Following the suggestions exposed here to my initial doubt:

I tried to make an approximation based on taxonomy instead of distance to run the cluster.split with the ‘file=’ option. However, it is also taking so long…
Therefore, I decided to make an approximation to my data without using OTUs, just using taxonomic information coming from ‘classify.seqs’. My only problem would appear if I need to claculate richness index, but I think I could solve that.

And here is my question: If you follow MiSeq SOP you reach the step of ‘pre.cluster’, when you ‘merge’ sequences that are 1 nt each 100bp different. If after doing this, you repeat the command but asuming a difference of 3 nt each 100bp, would it be equivalent to make OTUs at a cutoff=0.03 using a distance matrix?
Would it be correct to treat these output sequences as OTUs for subsequent analyses?

Thanks

If you do 3/100 then you’re really making 6% OTUs since one sequence could be 3 off of two other sequences and those sequences would then be 6 off of each other.

Are you using the latest version of mothur? We have put in some new algorithms that use a smaller distance matrix and use less RAM.

Pat

I see…

So, if I set pre.cluster to ndiffs=1/100bp is like having 98% similarity OTUs? This would work also…
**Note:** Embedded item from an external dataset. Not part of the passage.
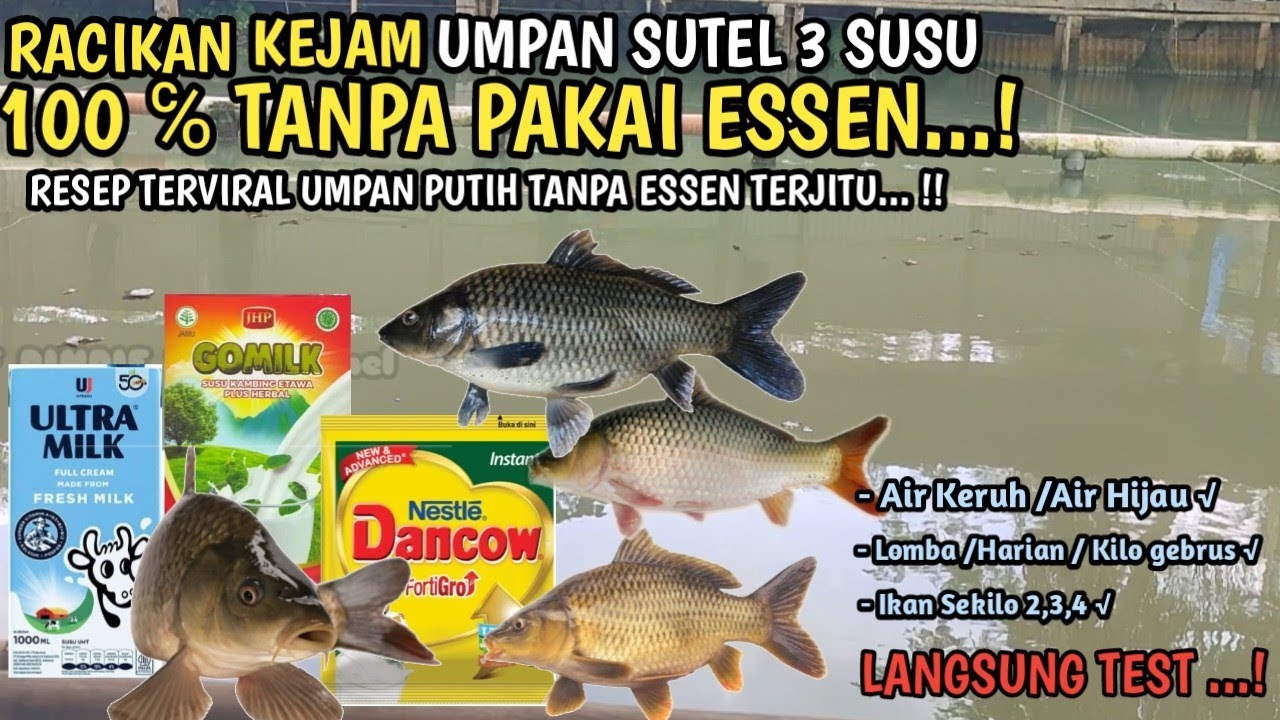 RACIKAN KEJAM UMPAN PUTIH SUTEL 3 SUSU TANPA ESSEN 100%‼️  II RESEP TERVIRAL UMPAN PUTIH‼️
Yes, I am using mothur v1.42.3 on a Windows server with 16 processors and 64gb of RAM, but my .dist files are over 70gb, so I think this is the main problem.

Thanks

Are you using cutoff=0.03 in dist.seqs?

This is the command line I normally use:

dist.seqs(fasta=current, cutoff=0.03, output=column)

Alternatively, I use output=lt

Is anything missing?

You don’t want the lt output format. The problem is likely data quality. If you aren’t able to get fully overlapping reads, then you’ll have to use the phylotype approach shown in the MiSeq SOP.

Pat

Thanks, I will try that also.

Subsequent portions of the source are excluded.